乡镇经过点将挑兵,由我任南点防火指挥长,带领八人负责南点六个行政村的三夏防火工作,其中一人因父亲有病临阵请假,加上我就只有八个人了。说真的,三夏防火我还是“小媳妇上轿―头一回,”经验无从谈起,一切从零开始。记得当时我简明扼要地给他们开了个会,部署一下我点的防火工作,进行人员分工,主要的还是对他们进行战前训戒,鼓舞斗志,我说:“我们八人要八仙过海,各显神通,全力以赴,不当逃兵”接着我们开始选址、打桩、张篷、压土、固定、接电,又向乡亲借了两张床一张桌子,经过两个多小时紧张而又有序的工作,防火指挥部算是搭建起来了,真有点“摆起八卦阵,单捉放火将”的气氛。我们顾不及休憩便又投入到了防火宣传工作上来,每行政村安排一名乡干部和该村村干部一同防火,我和另一名副指挥长在车上宣传巡逻、协调联络,从早上八点一直到晚上十二点,每天循环往复地驱车奔走于所辖村庄。还好,前几天安然无恙,形势大好,我紧绷的心放松了一些,但到群众麦子收割完毕,便是草木皆兵,防不胜防的时候了,一些群众为了图省劲或对乡村干部报私愤便开始点火制造麻烦,他们会像捉迷藏一样你在东面防我在西边点,你有千条计我有老主意,就这样闹得我们闻烟奔东西,望光奔南北,冒暑而救火,烟熏而火燎。一天下来,搞得我们几位都蓬头垢面,筋疲力尽。反正让我们折磨的够呛。每到这时,我总是用孟子的“天降大任于斯人也,必先苦其心志,劳其筋骨,饿其体肤,空乏其身,行弗乱其所为,所以动心忍性,曾益其所不能。”来安慰自己。正值我们吃饭时手机响了,打开一看,原来是一位同事发来了一条关于防火自嘲诗的信息,编得挺有意思的,这里我把它拿出与大家共享吧。“模样有美丑,行业分九流。别人家中坐,我在蹲地头。人言从政好,俺说不自由。平时活不断,禁烧惹人愁。防火责任大,任务压破头。轻者遭批评,重者官帽丢。白日狼烟找,夜晚火光瞅。满身浮土厚,胴体充汗臭。三餐并两顿,如同老黄牛。秸秆还田好,群众不接受。逐家逐户喊,见面把头扭。人生能几何,快乐几春秋?跑掉几斤肉,累死去个球。”这首牢骚诗看了着实让我们心有感触,不免多了几分伤感和怅惘,牢骚归牢骚,活还是要我们干的。
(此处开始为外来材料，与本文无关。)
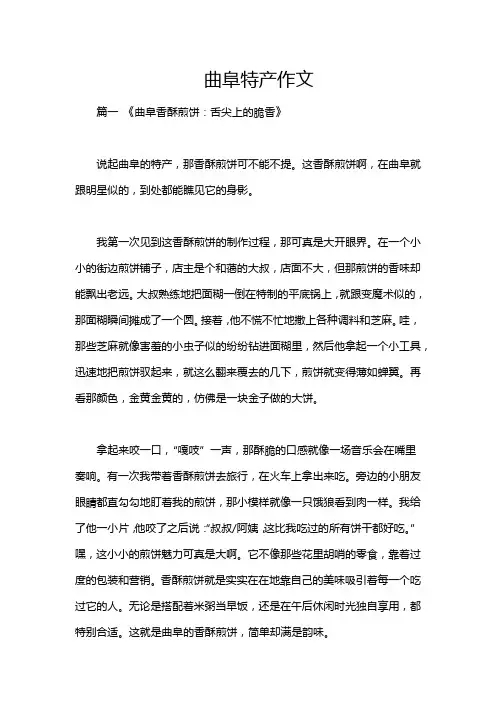 曲阜特产作文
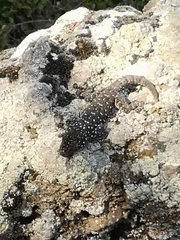 Ptyodactylus puiseuxi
记得我们防火时,有这样一个细节让我记忆犹新,那晚风柔气爽,月明星稀,我们几位良辰美景无睱顾,一心只防田间火。突然发现在村西头有一处火苗,迅速召集村干部进行扑救,灭火后我们开始寻找点火人,在玉米地我们玩起了警察抓小偷的游戏,突然看到夜中人影向村中跑去,我们便寻影追踪,竟刨出了一个大秘密,发现了此人家中做假发票的事,真是小窟窿掏出个大螃蟹,一村干部立即向派出所报了警,算是我们防火的意外收获。
好雨知时节,正当防火遥遥无期时,下起了一场暴雨,正式宣告我们这次防火战役的结束。屈指算起,我们已经没日没夜地奋战了二十多天;归纳起来,整个防火过程算是有惊无险。
现我也回城工作近一年了,回首往昔,我永远忘不了那夜不能寐的日子,永远忘不了我那可歌可敬的同事。